Track Premiere: Strangelight — “Digressions from Sierra Leone”

Photo: Sara Sanger

Remember in the Twisted Sister “We’re Not Gonna Take It” video when that totally feral dad played by Neidermeyer from Animal House screams at his preteen son, “What do you want to do with your life?” and the spawn replies “I wanna rock” and the first chord the kid hits sends his dad flying out the window and rocking commences?

Of course you do.

I don’t exactly want to call the twisty, smart, enlivening, and all around killer debut from post-hardcore expanders Strangelight the Grendel to Dee Snider’s 1894 Beowulf, but, much like John Gardner helping us better understand the monster by shifting the story to its perspective, Adult Themes rather brilliantly refracts the beauty and tension of keeping your fret-hand in the underground culture of your youth while dealing with the (well, for non-crust punks, anyway) inevitable evolutions and challenges of “grown up” life. Hence, the juxtaposition of song titles such as “The Samsara of Secondary Markets,” “Object Permanence,” “Gold Rolex,” “Adjustable Rate,” and “Alienation Part 2” with a sonic attack that combines the best aspects of the members other bands (Transistor Transistor, Kowloon Walled City, True Cross) with a extremely welcome and heavy dose of Propagandhi and Hot Snakes-esque rock n’ roll perversion.
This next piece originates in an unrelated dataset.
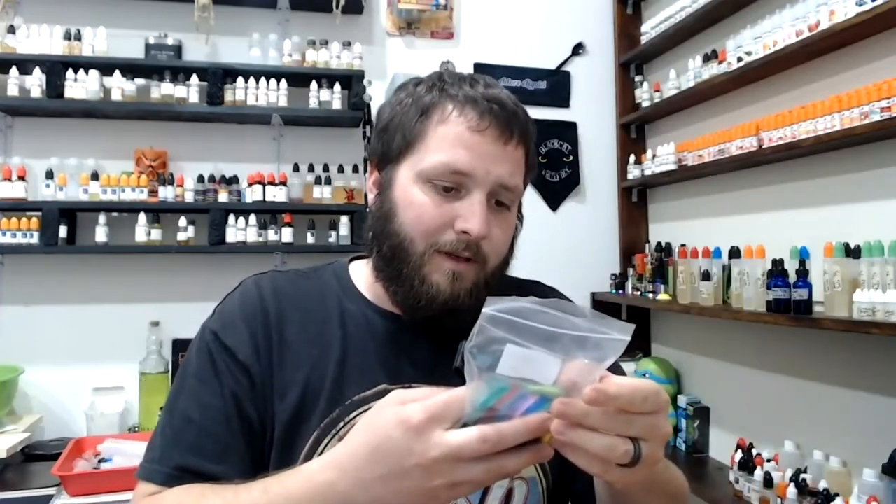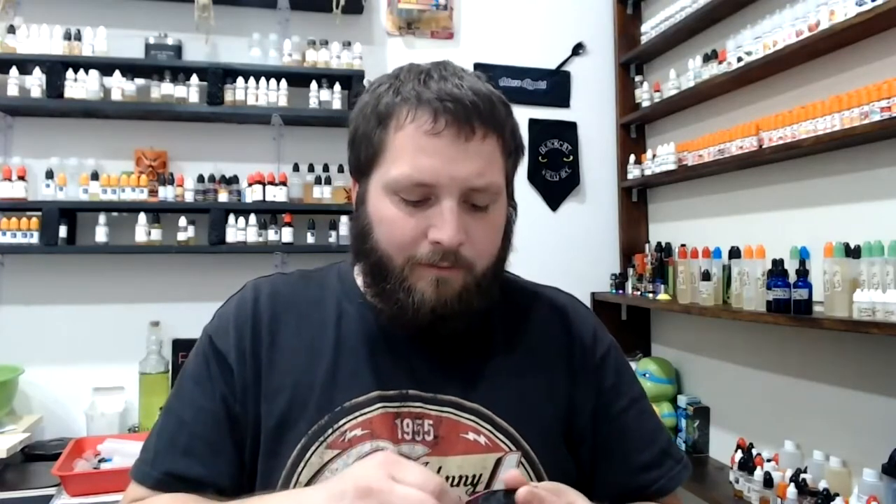I wouldn't wait for them to get really bad — it's just better to rewrap. I got this big bag of wraps and it was like four or five bucks for 240. You can get them from anywhere — Amazon sells them, I think these ones I got from Amazon. Fast Tech, most vendors like Element Vape probably sell them. A lot of vendors sell them, just find them wherever you can.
Maybe there’s some empathy to be had for Neidermeyer after all?

Anyway, Adult Themes a real contender for punk hardcore album of the year, which is why it’s such a pleasure to exclusively premiere the track “Digressions from Sierra Leone” a month ahead of the album’s October 23 release date. (Preorder here.)

“[Digressions from Sierra Leone] is about musicians, actors, celebrities, whoever, benefiting from ‘bringing attention’ to an issue while not really doing anything to help it, if not benefiting from its underlying causes — and the irony of how the issue helps out the artist in question more than vice versa,” vocalist/guitarist Nat Coghlan tells Decibel. “It was written over ten years ago, before I even had a smartphone. So it’s really more of a cynical observation than a topical one. When we started working on the song again I thought about writing new lyrics, but if anything they were more applicable than when they were written. I am also very, very lazy.”